Northern Rock: One year later
By Ian Dunt
It’s been one year since the government announced its plan to nationalise Northern Rock and the British political landscape is now unrecognisable from what came before.
To read analysis of bank nationalisation click here.
To see a timeline of the financial crisis since the nationalisation click here.
Alistair Darling announced the decision last year, with emergency legislation introduced to parliament the following day, after the markets had opened.
At 00:01 GMT on February 22, 2008 the bank was taken into state ownership, with neither of the final two unsuccessful bids to take it over – from Virgin and an in-house management team – deemed able to offer the taxpayer value. Both were criticised for leaving the government with all the risk and the private sector with all the profits.
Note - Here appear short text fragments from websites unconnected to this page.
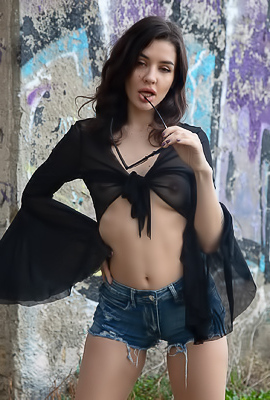 Blanche Stripping Off Tight Jeans Shorts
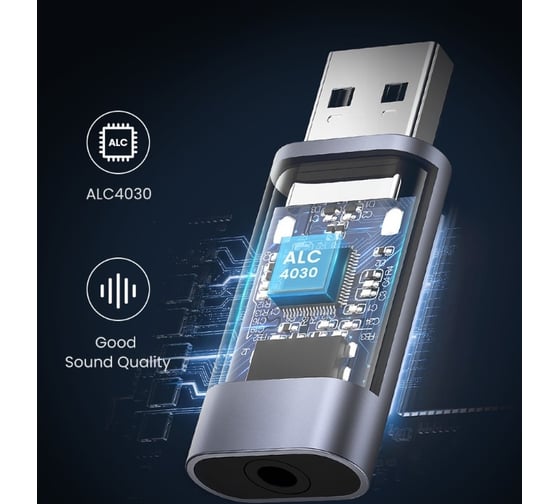 Внешняя звуковая карта Ugreen cm383 usb 2.0 to 3.5mm audio adapter. цвет: серый 80864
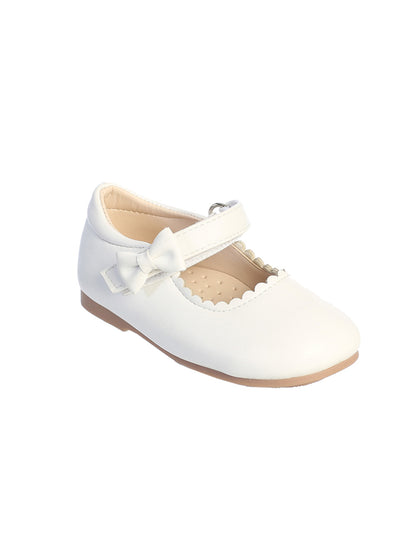 Matte Scalloped Shoe with Velcro Strap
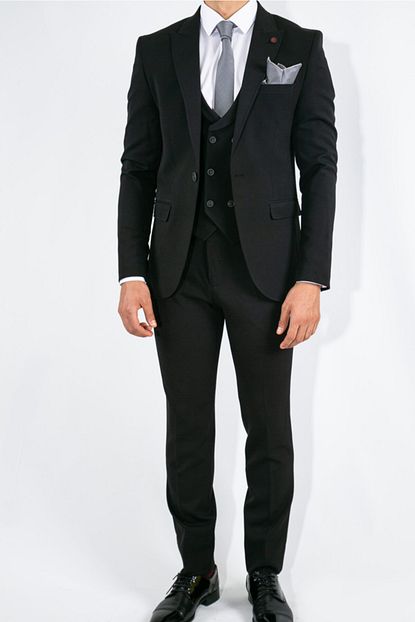 Suitmen Erkek Siyah Super Slim Fit Yelekli Takim Elbise Trendyol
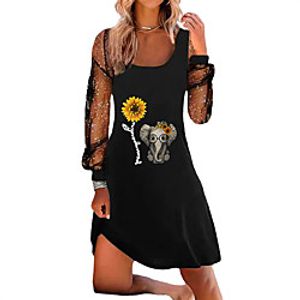 Women's A Line Dress Short Mini Dress Black Wine Dark Blue Long Sleeve Floral Animal Mesh Print Spring Summer Square Neck Stylish Casual 2022 S M L XL XXL 3XL miniinthebox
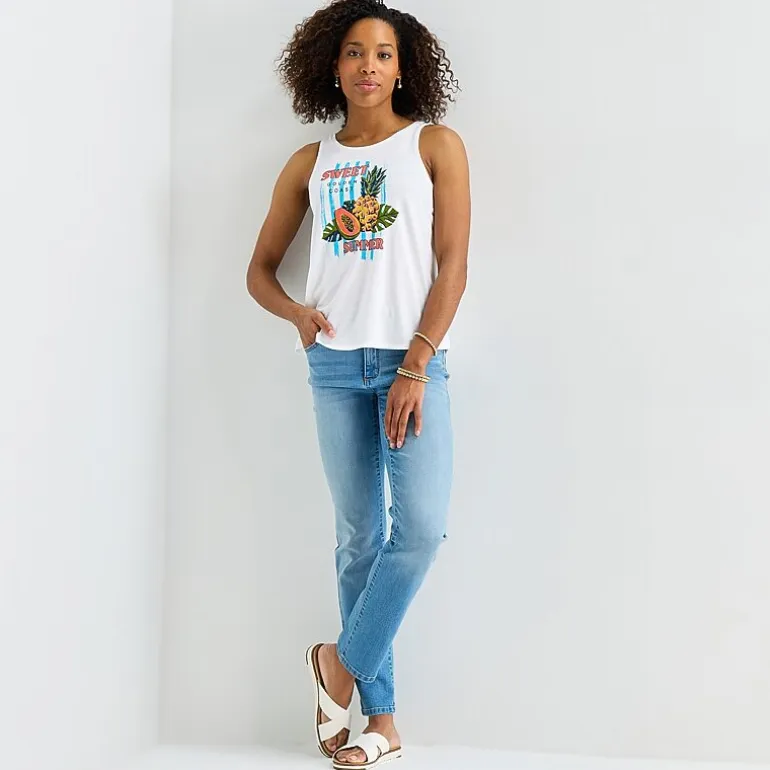 St. John's Bay Womens Round Neck Sleeveless Tank Top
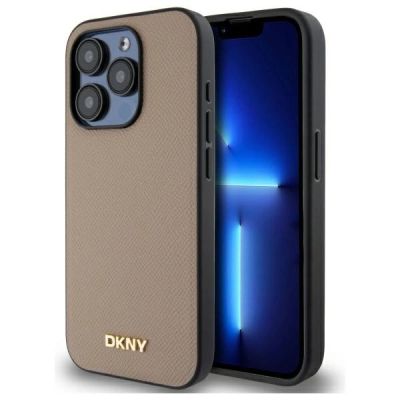 DKNY MagSafe iPhone 15 Pro Hülle mit genarbtem Metalllogo – Beige
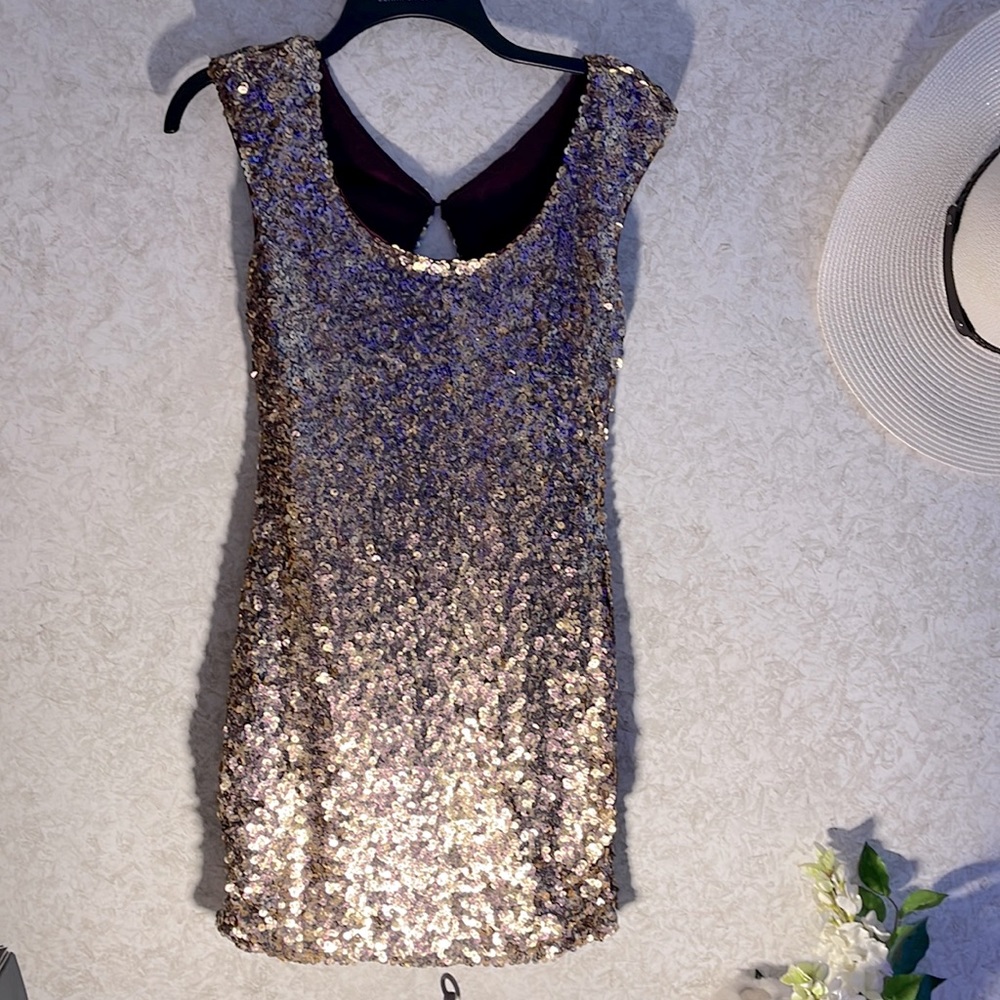 Aqua sequin dress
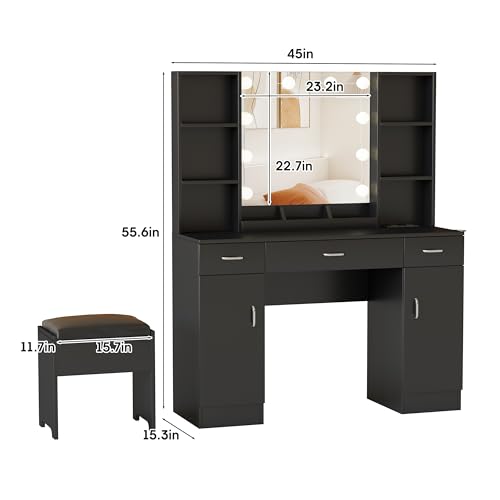 Vabches Vanity Mirror with Lights, Big Makeup Vanity Table Set with Comfortable Bench and Side Cabinets, Lots Storage, 45.2inch, White (Casual)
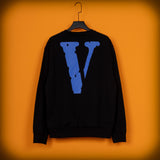 Vlone Sweatshirts Autumn and Winter Letter Big V Crew Neck Pullover Male
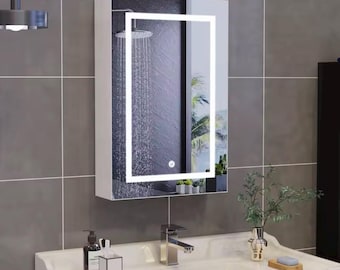 Armoire Miroir LED Salle de Bain | Meuble Mural Lumineux Tactile 3 Couleurs | Rangement Suspendu Blanc 50x70cm | Armoire Pharmacie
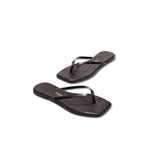 TKEES Sandali Square Toe Lily Croc Carob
The decision to nationalise followed liquidity support from the government, itself a reaction to the run on the bank prompted by media reports of its imminent collapse.
The bank is now managed ‘at arms length’ through UK Financial Investment Ltd.
The Novocastrian lender’s plans to repay government debt within four years appeared firmly on-track, with repayments currently ahead of target, partly as a result of staff reduction.
Some analysts say that set of priorities is unhelpful, however, with claims that loan repayments are sucking up billions of pounds out mortgage the market just when wholesale funding has already dried up.
However, the chancellor has now slowed that down, arguing it makes little sense to send borrowers away from Northern Rock with the UK mortgage market so drained.
Some 40 per cent of mortgage lending before the crisis came from outside the UK – and with Icelandic, Irish and US lenders disappearing, the Rock found itself with a new role.
And there are signs of increased public confidence, with a small surge in the number of new accounts being opened. The perception of a government safeguard against failure invariably helped with this – especially as Icelandic banks tumbled.
But Northern Rock was only the beginning of a failure which ended up taking half of Britain’s banking sector with it.
The government now has a stake in four banks – Northern Rock, the combined HBOS and Lloyds TSB group, Bradford & Bingley, and Royal Bank of Scotland. It is a situation analysts would have considered impossible just twelve months ago.
Now, with the public clamour against bonuses and executive pay getting louder by the day, and banks refusing to heed government calls for them to lend more, full-scale nationalisation of most of Britain’s banking sector is a distinct possibility.